Supporting documents

  • Client Priority Areas

    Specific concerns, focus areas, or materiality thresholds identified by the client

    PDF, DOCX, TXT

  • Industry-Specific Requirements

    Regulatory or compliance requirements specific to the target company's industry

    PDF, DOCX, TXT

  • Prior Due Diligence Reports

    Previous due diligence findings or reports that may inform current checklist scope

    PDF, DOCX

Why teams use it

Reduce checklist preparation time from 6+ hours to under 15 minutes

Automatically extract and organize key information from corporate documents, contracts, and financial records

Ensure comprehensive coverage across all nine critical due diligence categories

Cross-reference findings with authoritative legal sources including SEC filings, USPTO resources, and bar association guidelines

Minimize risk of oversight with AI-powered document analysis and compliance verification

Questions

What types of transactions can this due diligence checklist be used for?

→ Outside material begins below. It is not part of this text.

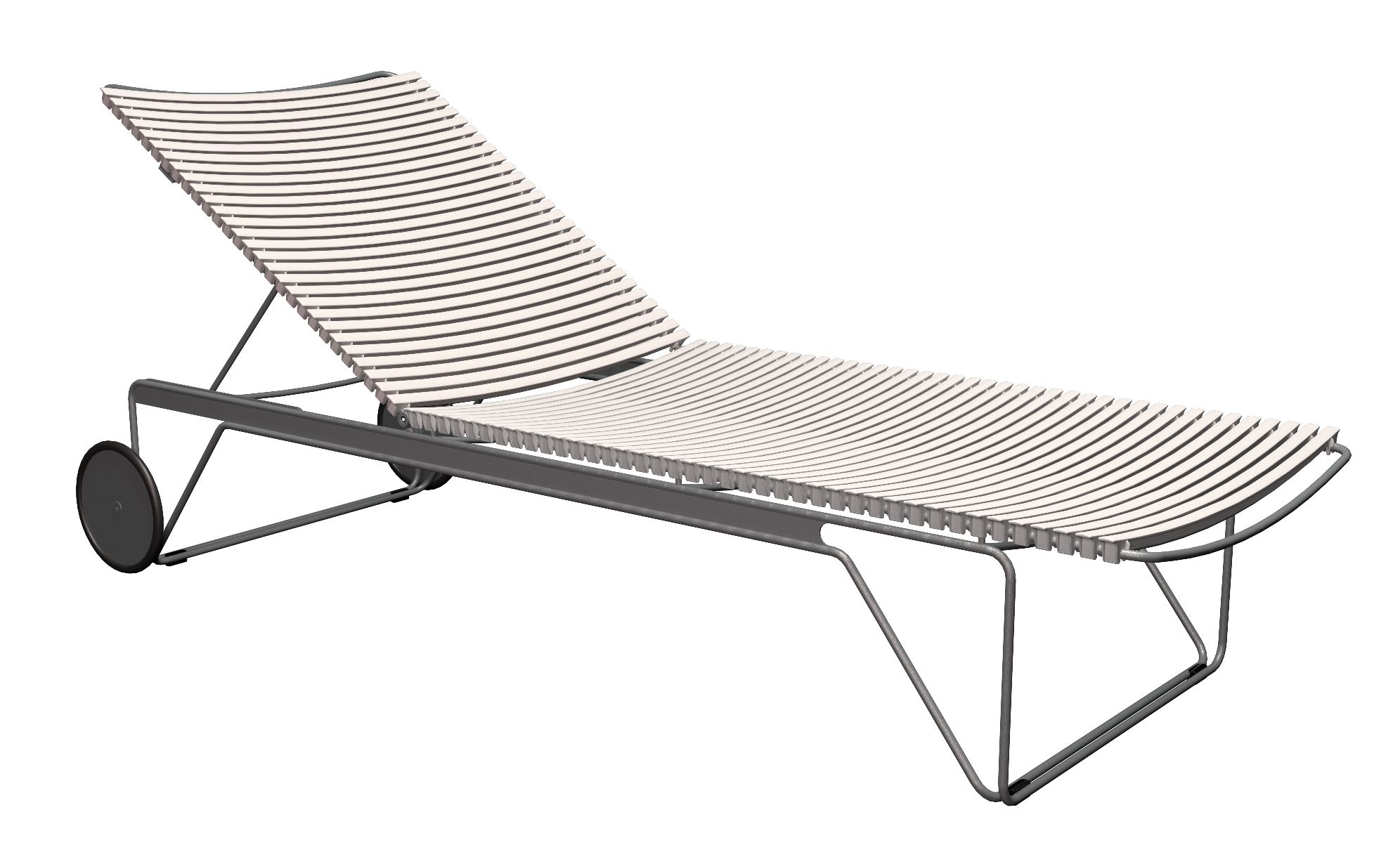 Click verstelbare chaise longue voor buiten Houe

The checklist is designed for all major corporate transactions including mergers, acquisitions, asset purchases, equity investments, joint ventures, and corporate restructurings. It can be customized based on whether you're representing the buyer, seller, or investor, and adapts to transaction size from small private company acquisitions to large public company mergers. The framework covers both domestic and cross-border transactions.

How comprehensive is the due diligence checklist generated by CaseMark?

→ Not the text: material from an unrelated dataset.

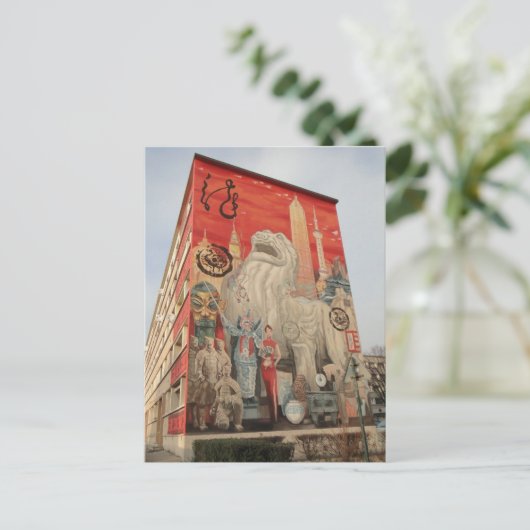 Shanghai-fresco - Petrus-Lyon Briefkaart (Staand voorkant)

The checklist covers all standard due diligence categories including corporate structure, financial records, material contracts, intellectual property, litigation and compliance, employment matters, assets and liabilities, insurance, and environmental issues. Each section includes specific document requests, verification procedures, and space for tracking receipt status and identified concerns. The output is tailored to your transaction specifics while maintaining institutional-quality comprehensiveness.

Can the checklist be customized for industry-specific requirements?

Yes, the checklist framework adapts to industry-specific regulatory and compliance requirements. You can specify the target company's industry and any particular areas of concern, and the generated checklist will incorporate relevant regulatory frameworks, specialized permits and licenses, and industry-standard due diligence items. This ensures coverage of sector-specific risks whether dealing with healthcare, technology, manufacturing, financial services, or other industries.

How does this help manage the due diligence process for deal teams?

The checklist serves as both a roadmap for conducting due diligence and a tracking tool for managing the process. It provides clear section organization, specific document requests that can be assigned to team members, verification procedures to ensure quality control, and space for noting receipt status and red flags. The summary sections help identify critical findings and required follow-up, making it easier to report progress to clients and manage complex multi-workstream investigations.

What information do I need to provide to generate an effective checklist?

At minimum, you need basic transaction information including the transaction type, parties involved, and general scope. Providing additional context such as specific client concerns, materiality thresholds, industry considerations, or known risk areas will result in a more tailored checklist. The more transaction-specific information you provide, the more customized and relevant the output will be to your particular engagement.